Have you tested it recently? Cheers.
Original comment by [email protected]
on 10 Sep 2010 at 8:17
from distcc.
I will have to check what is different with rev 728; as the name suggests my
patch was made against distcc-3.1. I'll also investigate if the gentoo distro
also aplies some other patches as well.
I use distcc for building my gentoo systems; with the patch all behave well
(one single-core, 1 dual core and one with 8 logical cores). Here is a
screenshot of how it looks with my patch on the dual-core while building glib.
Another thing that might cause a difference is that I have limited on each
system the localhost slots in /etc/distcc/hosts.
Original comment by [email protected]
on 10 Sep 2010 at 9:39
Attachments:
from distcc.
On the previous run I had -j8 left in the gentoo configuration. Here is another
screenshot on mysql with -j10
Original comment by [email protected]
on 10 Sep 2010 at 9:44
Attachments:
from distcc.
Again mysql with -j14. I have checked out your trunk, but it's quite late for
me so I'll continue tomorrow :)
Original comment by [email protected]
on 10 Sep 2010 at 9:50
Attachments:
from distcc.
Hey. I have tested my patch towards r730, and found no problem with it. The
behavior of distccmon-gnome was correct. I have no explanation on why your test
went wrong, except the obvious ones: patch was not actually applied, or your
sources were tainted with some other patch or other modifications.
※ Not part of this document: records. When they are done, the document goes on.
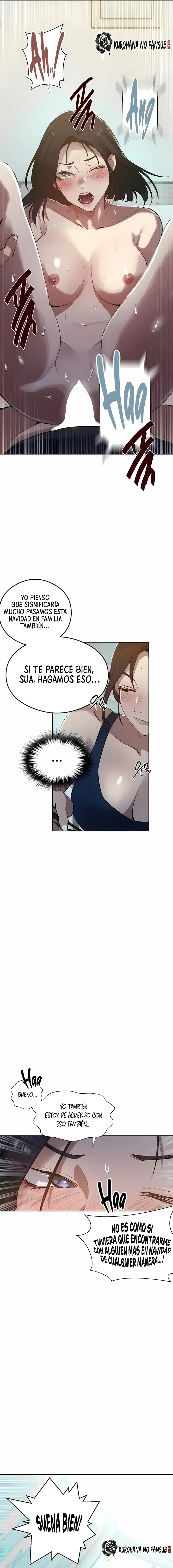 Secret Class Capítulo 315 - Página 4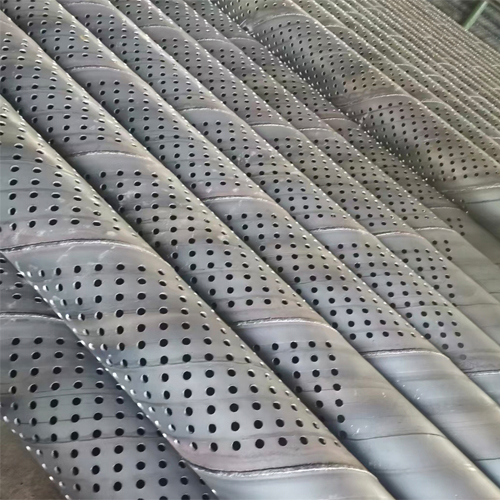 固原滤水管降水原理是什么？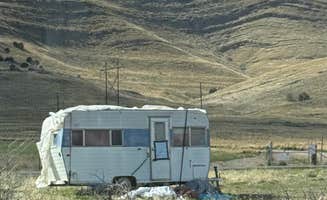 @57overlander C.'s photo at Miners Canyon BLM near Eagle Mountain, UT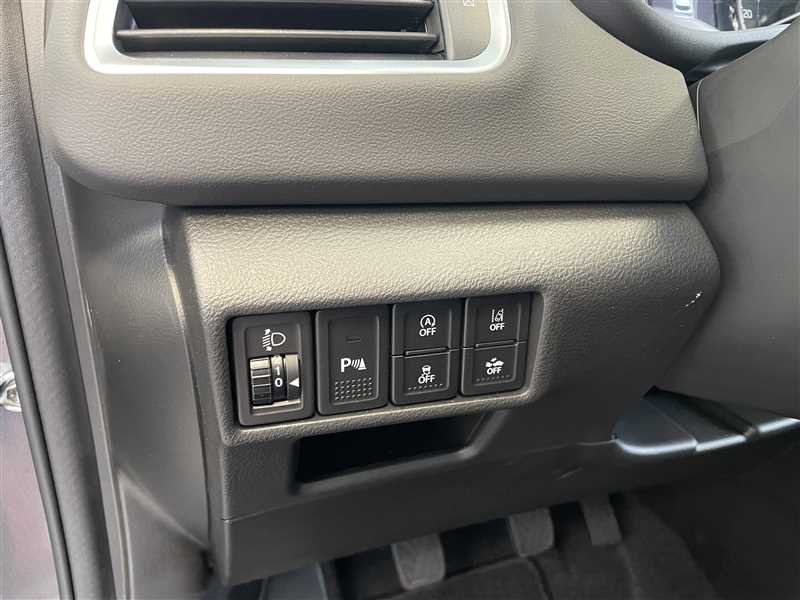 Suzuki s-cross - Photo 12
To clarify: my patch refers to the pure distcc trunk / tag 3.1; I did not apply
any of the other patches in this thread but the one I submitted, namely
distcc-3.1-fix-slots.patch
I cannot do more except instruct you to try again. Perhaps open the patch file
with a text editor and read the long comment I placed there. Read the code and
validate my fix.
I am on the watcher list of this issue and I'll monitor it. I'm sure we'll be
able to make it work :)
Original comment by [email protected]
on 12 Sep 2010 at 3:03
from distcc.
cheepeero, could you attach your config.h? Thanks.
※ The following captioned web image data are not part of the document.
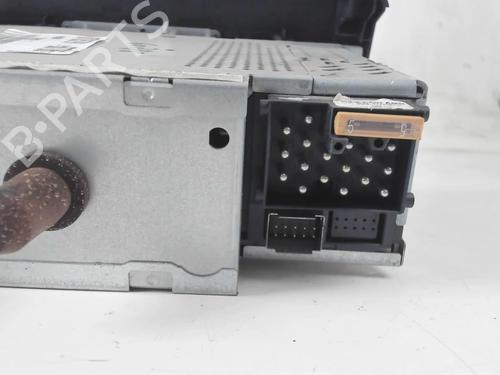Used Radio ROVER 75 (RJ) 2.0 CDT (115 hp) 20441542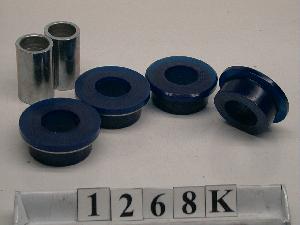 SuperPro SPF1268K Control Arm Lower-Front Bushing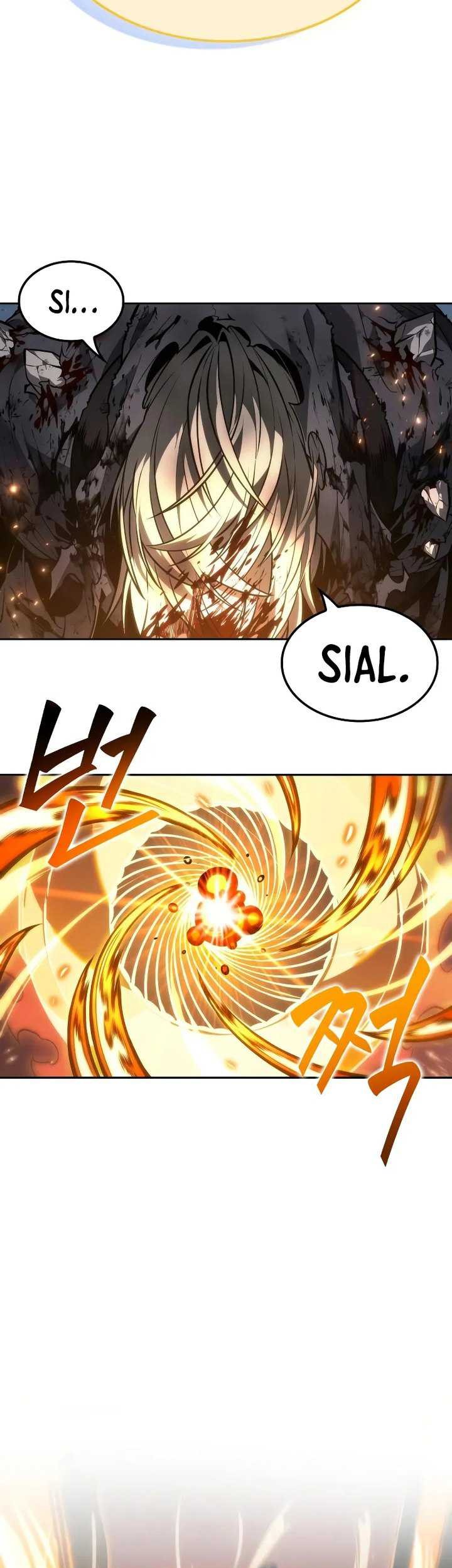 The Last Adventurer Chapter 68 Gambar 76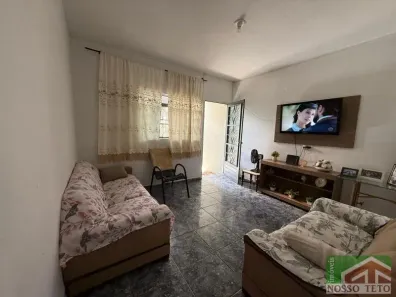 Casa com 2 Quartos à venda, 260m² no Jardim Paulistano, Sumaré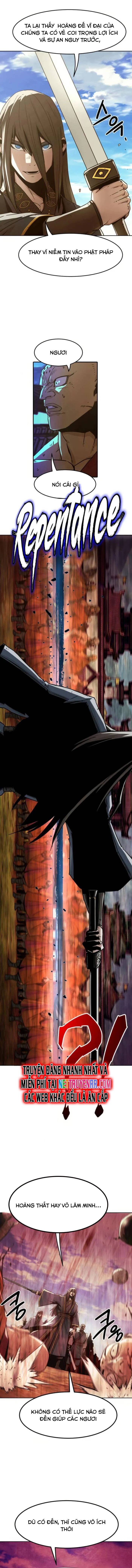 Tiểu Gia Chủ Của Tứ Xuyên Đường Gia Trở Thành Kiếm Thần Chap 57 - Next Chap 58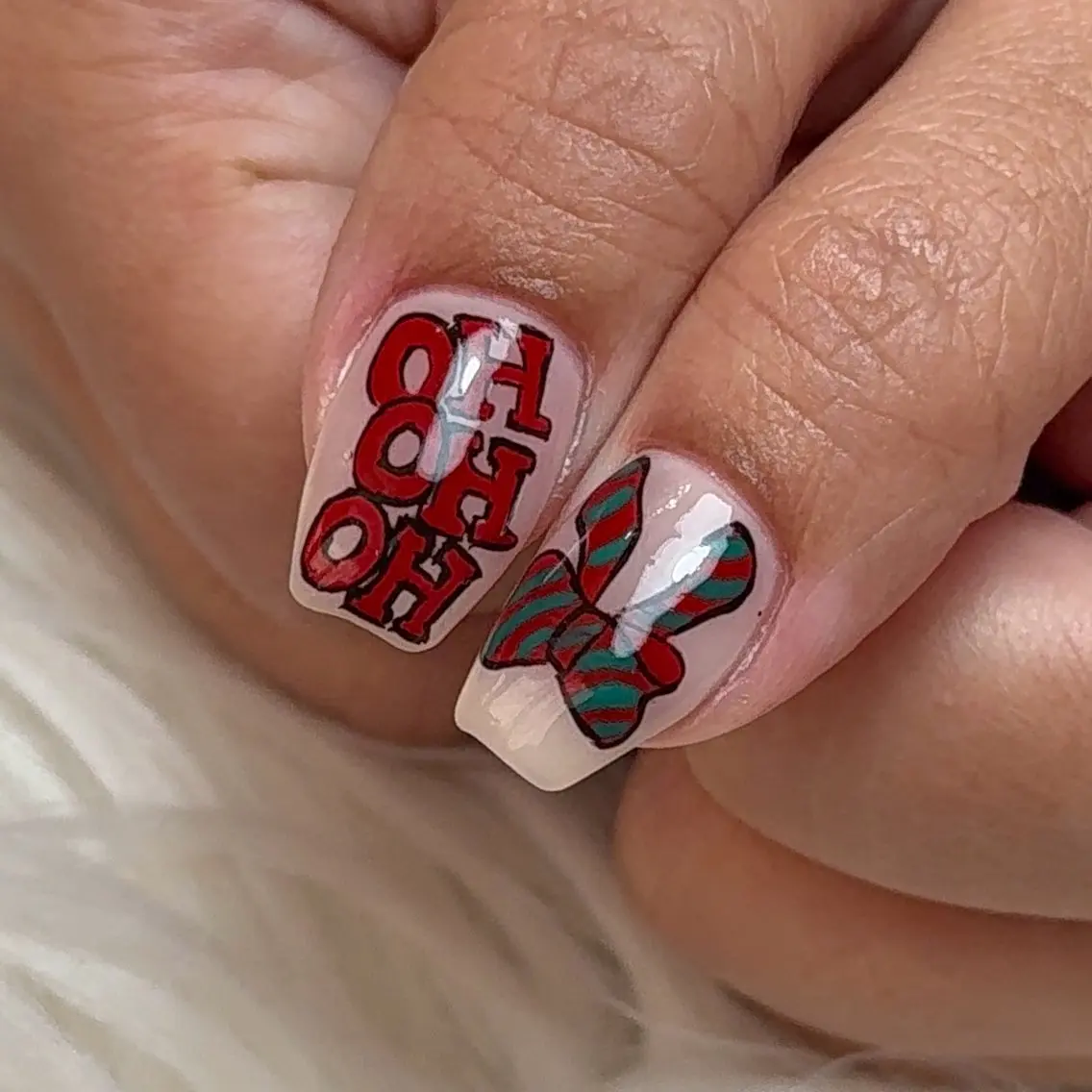ネイル Nail salon EM（エム）諸星のネイルデザイン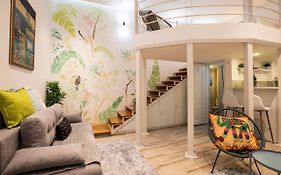 Karioka Apartman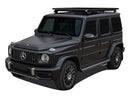 Front Runner Mercedes Benz G-Class (2018-Current) Slimline II Roof Rack Kit - by Front Runner - KRMG008T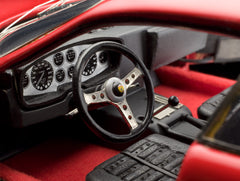Ferrari 365 GTB4 Daytona by Carlo Brianza 1:14 Scale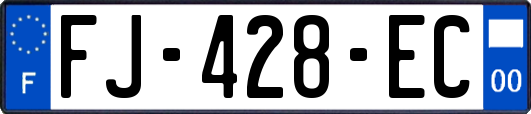 FJ-428-EC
Original comment by [email protected]
on 16 Sep 2010 at 10:12
from distcc.
Here is the config.h.
However, in the meantime I have used distcc without the software limitation in
/etc/distcc/hosts and once the localhost/0 slot got multiplied three times.
localhost pink
I have used localhost/2 pink/8 with my patch for quite a while now (see date of
my post) without bumping into this problem, so I assume this has something to
do with slot allocation, not with transmitting the correct slot to the monitor
(which is what my patch fixes).
Original comment by [email protected]
on 17 Sep 2010 at 8:07
Attachments:
from distcc.
Interesting. I'll have a look when I'm feeling better. Our config.h files are
the same apart from avahi. Cheers.
Original comment by [email protected]
on 18 Sep 2010 at 6:09
from distcc.
Hi cheepeero. I just tested your patch again with and without the /LIMIT
option and duplicate localhost entries appeared each time. I tested by
compiling the Linux kernel with make -j6 and a hosts file of "localhost prison".
The monitor reads slot information from the state files saved by the client,
there is no separate channel for transmission. So whatever appears in the
monitor is whatever the clients are 'thinking'. :)
Original comment by [email protected]
on 24 Sep 2010 at 5:46
from distcc.
I understand that the slot info is inferred by the client, not reported by the
server. I was referring to distcc client - distcc monitor communication through
state files.
Even so, this does not change the fact that the same member,
dcc_task_state.slot, is used both for accounting the remote compiling slot and
the local preprocessor slot, and the latter is the last write in my_state.slot
(or my_state->slot within your patch).
Let me elaborate:
At line 550 in compile.c, dcc_build_somewhere sets my_state.slot at -1
(unallocated, is suppose). A few lines below it calls
dcc_pick_host_from_list_and_lock_it, which at line 104 calls dcc_lock_one. When
finding a free host/cpu, this function writes the found i_cpu (slot) variable
with dcc_note_state_slot.
When returning to dcc_build_somewhere in compile.c, the flow goes to
dcc_lock_local_cpp at line 567, which in where.c also calls dcc_lock_one, this
time with a fake "localhost" list. This time dcc_lock_one finds another i_cpu
relative to the fake "localhost" list, which overwrites the previous remote
slot selection. So the remote slot initially chosen for compiling the code is
lost in my_state at this phase, replaced by the local preprocessor slot.
I have found that these are the only two places where my_state.slot is
modified. The slot variable in my_state also seems to only be only used for the
monitoring clients, not host selection or such.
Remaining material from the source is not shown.